Your vision of a post–Norman Rockwell Christmas has kids in pajamas with pistol grips speeding toy race cars on endless figure 8s, a game that gets old before January and ends up in the closet. The new race car sets will, however, blow you away. With Overdrive, the magnetic snap-together track has no slot. Cars take a lap to learn the track and will remember it. They can attack each other with “lasers” as well as other weapons drawn from a small arsenal, all of which you can control with your smartphone. Should you not be able to arrange a play date, there is a single-player mode.

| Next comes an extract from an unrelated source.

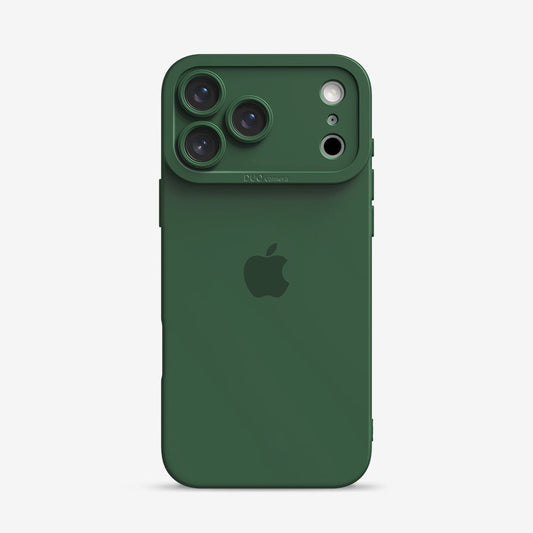 Dark Green - iPhone Case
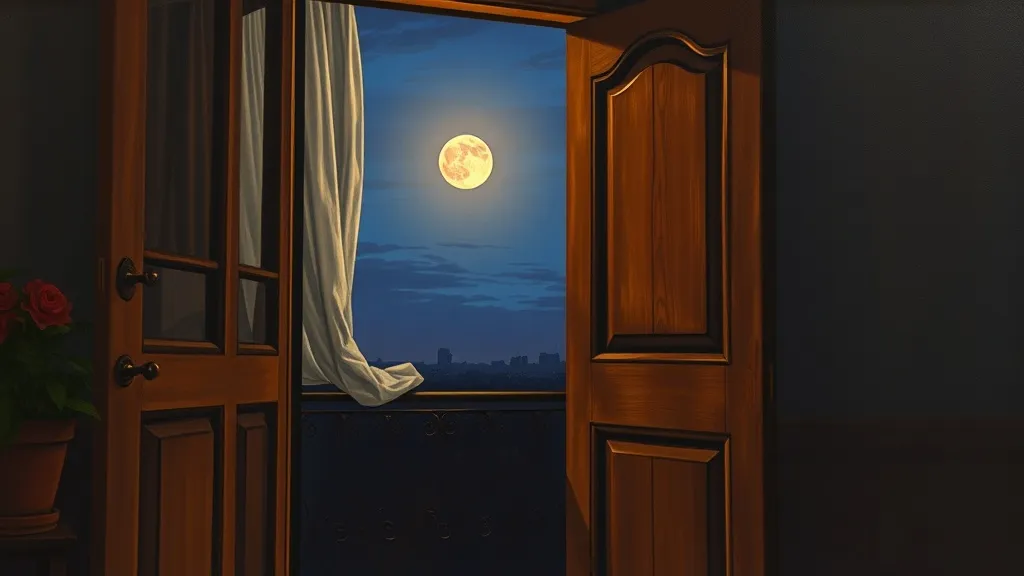 Open Balcony Door Dreams: Unveiling the Meaning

Although video games have evolved from their humble beginning to a present form that includes more complex interaction and graphics that are virtually unrecognizable to Pong’s creators, the way we interact with toys has changed very little. The advances being made in robotics and machine learning, if applied to toys, is where Tappeiner sees an opportunity.
Design Smart Toys, Not Child’s Play
Tappeiner is a product of Carnegie Mellon University’s doctoral program, an institution perhaps without equal for its robotics research and development. With Overdrive successful, Anki is looking for its next hit, and hopes to do it with Cozmo.

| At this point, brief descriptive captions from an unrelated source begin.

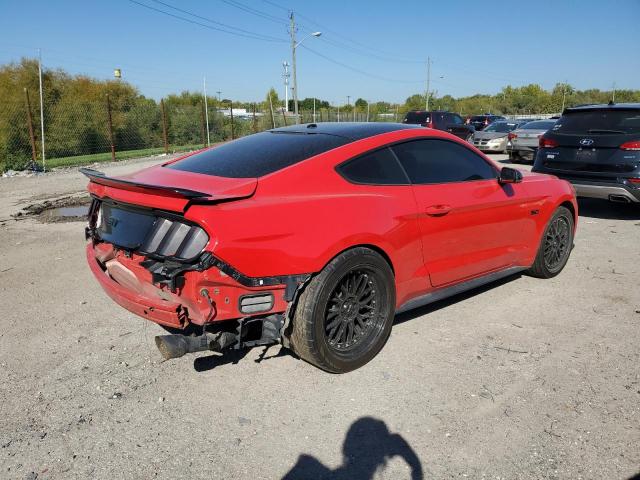 1FA6P8CF6H5340827 - 2017 FORD MUSTANG GT RED photo 3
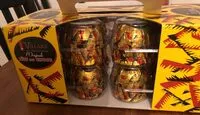 Mängden socker i Tête au choco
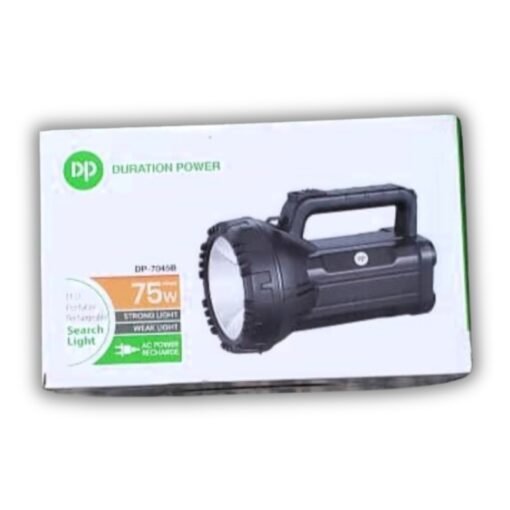 Duration Power DP LED Portable Rechargeable Search Light DP-7045B vsonic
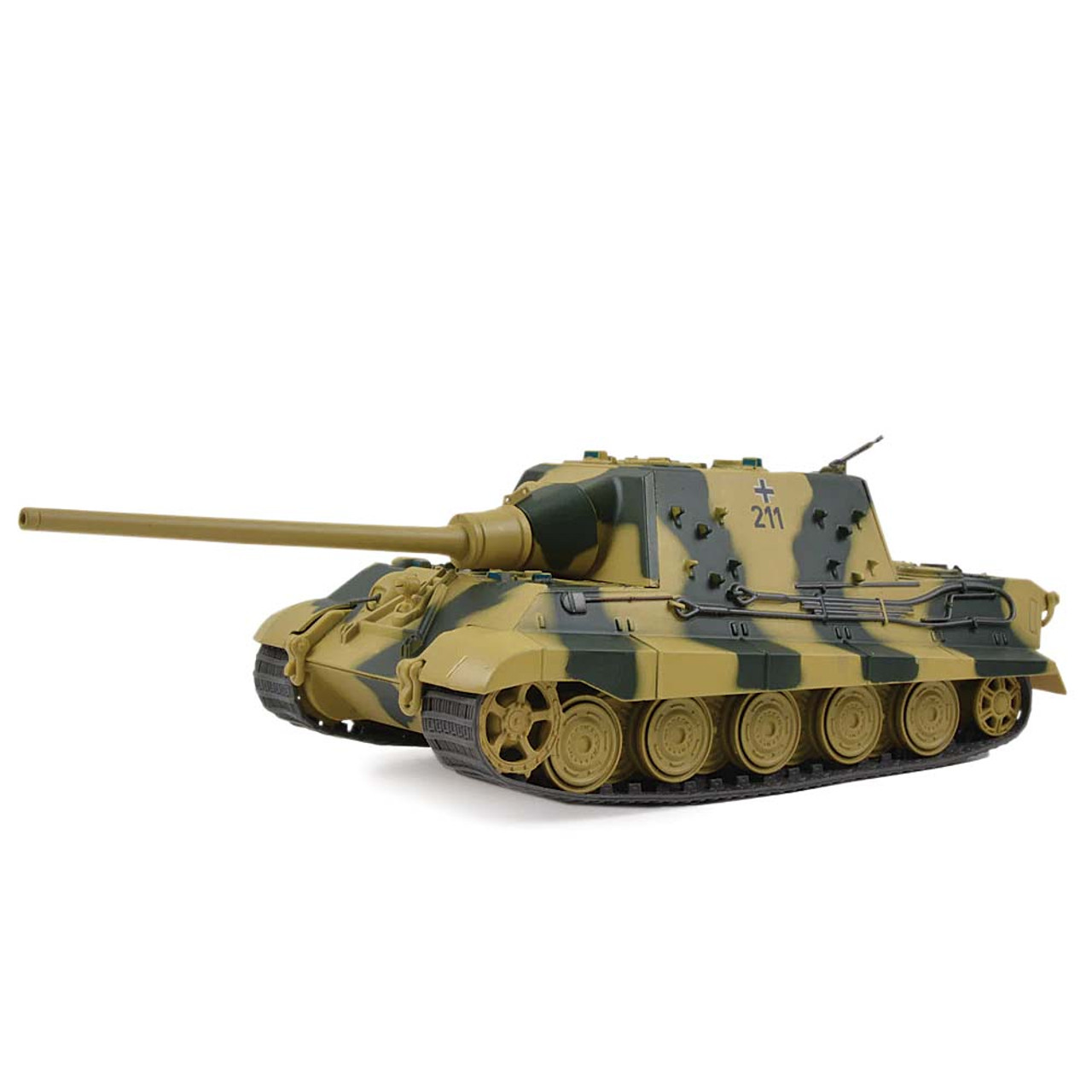 AFV 23186 Sd. Kfz. 186 Jagdpanzer VI Jagdtiger 1/43 Die Cast Mod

Cozmo is a white, fist sized machine/computer/toy on wheels that Anki would like you to “adopt” — as you would a puppy.
If you start with a dumb toy, such as toy race cars of yesteryear, any intelligence added to it would be and improvement, moving it up on the intelligence scale. But making starting a concept of a pet and trying to get those qualities into a toy is going in the opposite direction.
Programming even the simplest human interactions were challenging. Although babies learn how to make eye contact on their own, a machine can only do so with a few thousand lines of code. “We were able to call up facial recognition, a 9,000-line algorithm, with just two lines of code,” said Tappeiner.
Cozmo is shown sleeping. Its LED “eyes” are half shut, and it plays a snoring sound. “Awww,” goes the audience. But it’s during its awake state where it must try to act like a pet — not an easy job for a machine that looks more like a miniature earth mover than a puppy.
Baby Steps
Normal human or pet behavior, learned early and taken for granted, is behavior that must be intricately coded and inserted in order for toys to even have the slightest chance of endearing themselves to kids. But attributes that make all humans instantly like the puppies do not compute easily for Spock-like engineers.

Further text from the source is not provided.